25 May 2023
Guaranteed Future Value (GFV), also known as a balloon payment or residual value, refers to the predetermined value of a vehicle at the end of a car finance agreement. It is an agreed-upon amount that the car will be worth at the end of the loan or lease term, regardless of its actual market value at that time. The GFV is established at the beginning of the finance agreement and is used to calculate monthly payments.
Understanding the concept of Guaranteed Future Value is important for individuals considering finance options such as Personal Contract Purchase (PCP) or Hire Purchase (HP). The GFV affects the monthly payments and provides flexibility at the end of the agreement.
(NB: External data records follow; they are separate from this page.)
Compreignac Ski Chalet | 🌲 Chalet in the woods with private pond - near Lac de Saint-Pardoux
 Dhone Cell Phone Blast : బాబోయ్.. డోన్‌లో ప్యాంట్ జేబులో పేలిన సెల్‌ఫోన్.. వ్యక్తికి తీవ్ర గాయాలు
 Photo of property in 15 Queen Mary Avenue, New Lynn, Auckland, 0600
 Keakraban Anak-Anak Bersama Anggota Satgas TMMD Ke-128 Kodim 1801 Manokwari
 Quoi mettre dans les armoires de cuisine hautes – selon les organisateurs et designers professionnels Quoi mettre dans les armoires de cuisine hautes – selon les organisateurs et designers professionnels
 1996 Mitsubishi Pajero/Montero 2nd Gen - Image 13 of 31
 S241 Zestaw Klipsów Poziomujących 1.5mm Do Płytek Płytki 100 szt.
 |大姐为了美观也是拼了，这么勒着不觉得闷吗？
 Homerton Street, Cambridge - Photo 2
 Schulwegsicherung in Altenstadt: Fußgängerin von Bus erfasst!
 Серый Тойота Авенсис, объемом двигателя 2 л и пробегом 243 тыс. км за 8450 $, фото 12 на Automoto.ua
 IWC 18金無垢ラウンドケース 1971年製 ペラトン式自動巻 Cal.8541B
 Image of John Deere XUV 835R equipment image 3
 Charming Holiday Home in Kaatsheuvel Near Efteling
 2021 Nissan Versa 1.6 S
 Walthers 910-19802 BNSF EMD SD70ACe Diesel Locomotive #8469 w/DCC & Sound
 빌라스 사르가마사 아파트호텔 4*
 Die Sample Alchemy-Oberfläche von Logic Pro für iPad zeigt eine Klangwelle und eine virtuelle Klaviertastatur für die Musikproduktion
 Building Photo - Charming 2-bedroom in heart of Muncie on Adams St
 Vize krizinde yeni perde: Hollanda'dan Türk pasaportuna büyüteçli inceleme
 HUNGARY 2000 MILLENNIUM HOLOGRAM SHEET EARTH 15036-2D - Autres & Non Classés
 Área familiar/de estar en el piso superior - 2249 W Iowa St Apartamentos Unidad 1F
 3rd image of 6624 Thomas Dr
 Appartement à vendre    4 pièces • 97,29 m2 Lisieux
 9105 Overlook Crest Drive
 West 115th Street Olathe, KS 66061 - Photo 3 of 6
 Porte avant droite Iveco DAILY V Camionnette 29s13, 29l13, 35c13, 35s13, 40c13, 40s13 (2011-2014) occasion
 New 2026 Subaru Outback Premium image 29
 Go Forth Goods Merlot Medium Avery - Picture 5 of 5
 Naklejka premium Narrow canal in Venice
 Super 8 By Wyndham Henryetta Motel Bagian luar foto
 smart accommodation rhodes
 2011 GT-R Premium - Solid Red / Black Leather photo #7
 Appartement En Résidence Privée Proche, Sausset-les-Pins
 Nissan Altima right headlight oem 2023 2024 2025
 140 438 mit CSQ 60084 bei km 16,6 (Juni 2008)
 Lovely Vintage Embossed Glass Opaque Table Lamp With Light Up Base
It allows borrowers to choose whether to return the vehicle, trade it in for a new one, or pay the GFV amount to keep the vehicle.
Suppose you enter into a car finance agreement using PCP, where the loan term is four years. At the beginning of the agreement, the lender sets a GFV of £10,000 for the car. Based on this GFV, your monthly payments are calculated, covering the depreciation of the vehicle over the loan term. At the end of the four-year term, you have three options return the car to the lender, trade it in for a new car, or pay the GFV amount of £10,000 to own the vehicle outright. The GFV provides flexibility and options for the borrower at the end of the finance agreement.